**COLLECTED DATA**
+++

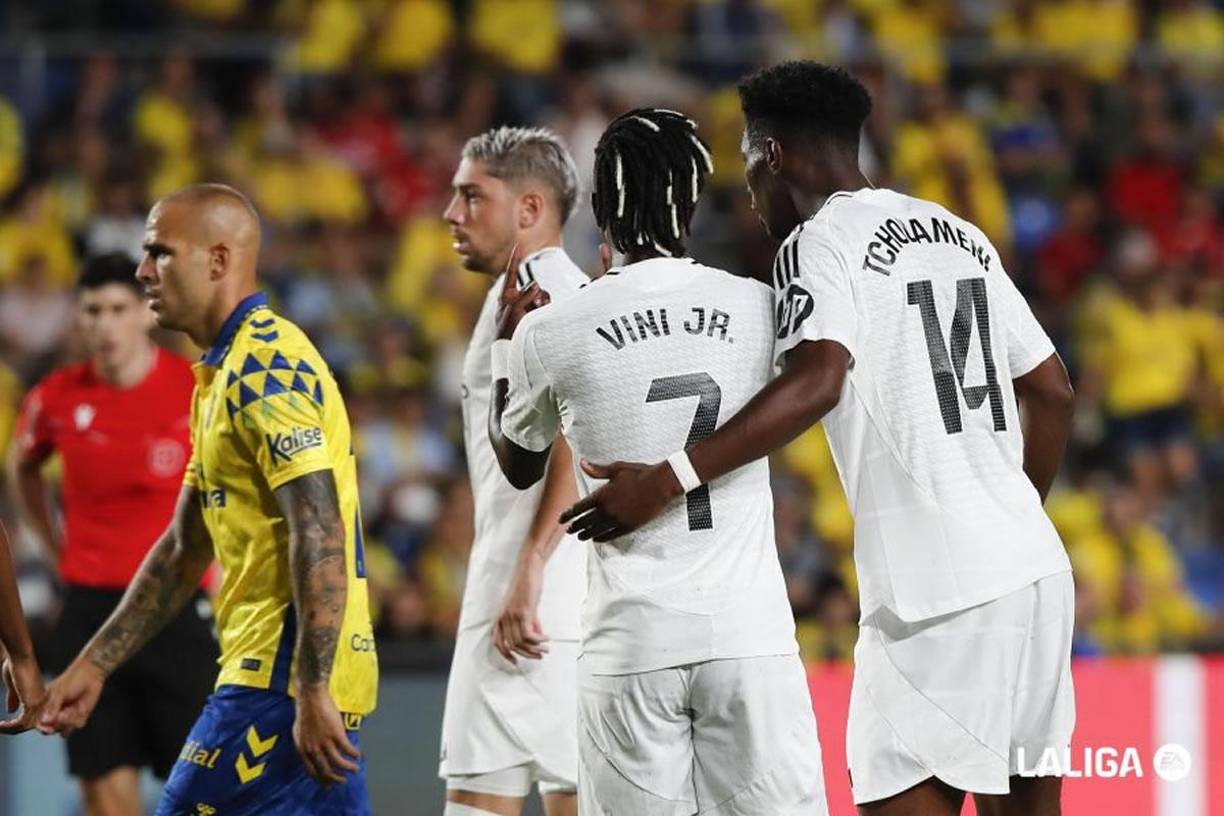 Vinicius y Aurélien Tchouaméni charlando en un lance del partido contra Las Palmas.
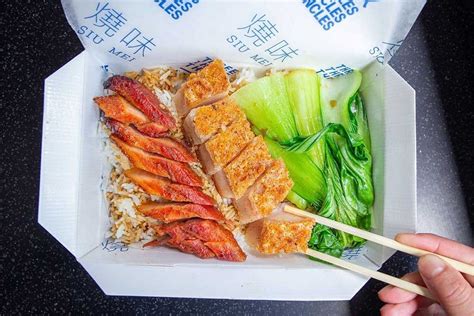 Three Uncles At Hawley Wharf Hot Dinners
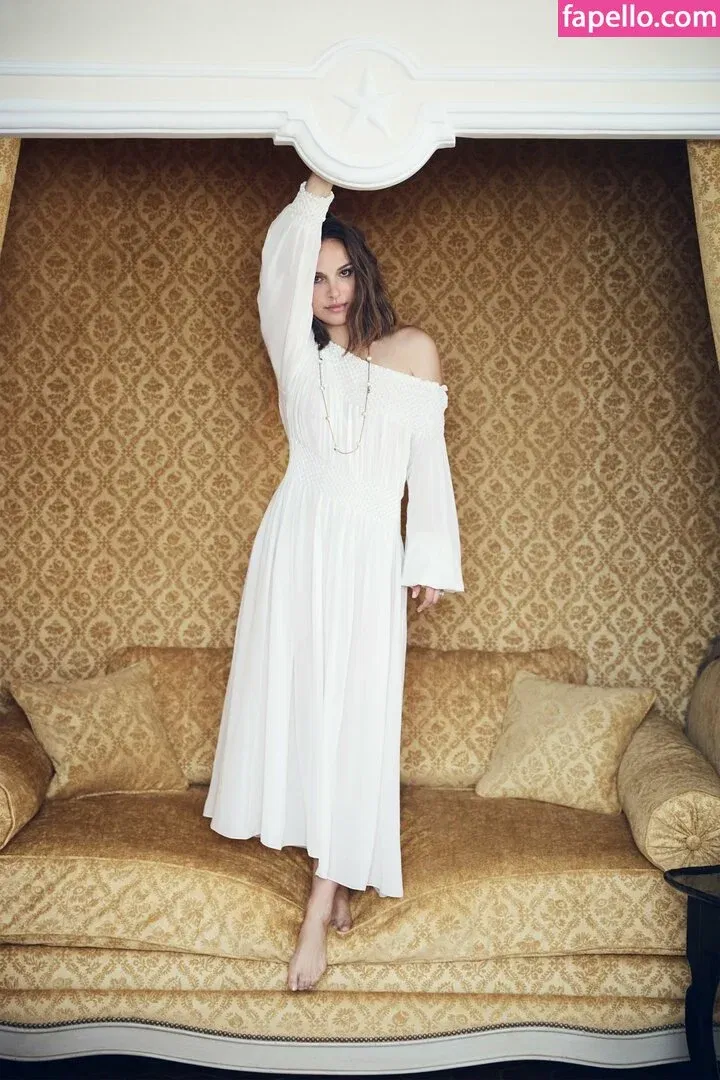 Natalie Portman Onlyfans Photo Gallery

+++

**PROBLEM DESCRIPTION**
Nothing but the text of the listing should be set down, exactly, with the pictures left behind.

**TASK SOLUTION**
 Vinicius y Aurélien Tchouaméni charlando en un lance del partido contra Las Palmas.
 Three Uncles At Hawley Wharf Hot Dinners
 Natalie Portman Onlyfans Photo Gallery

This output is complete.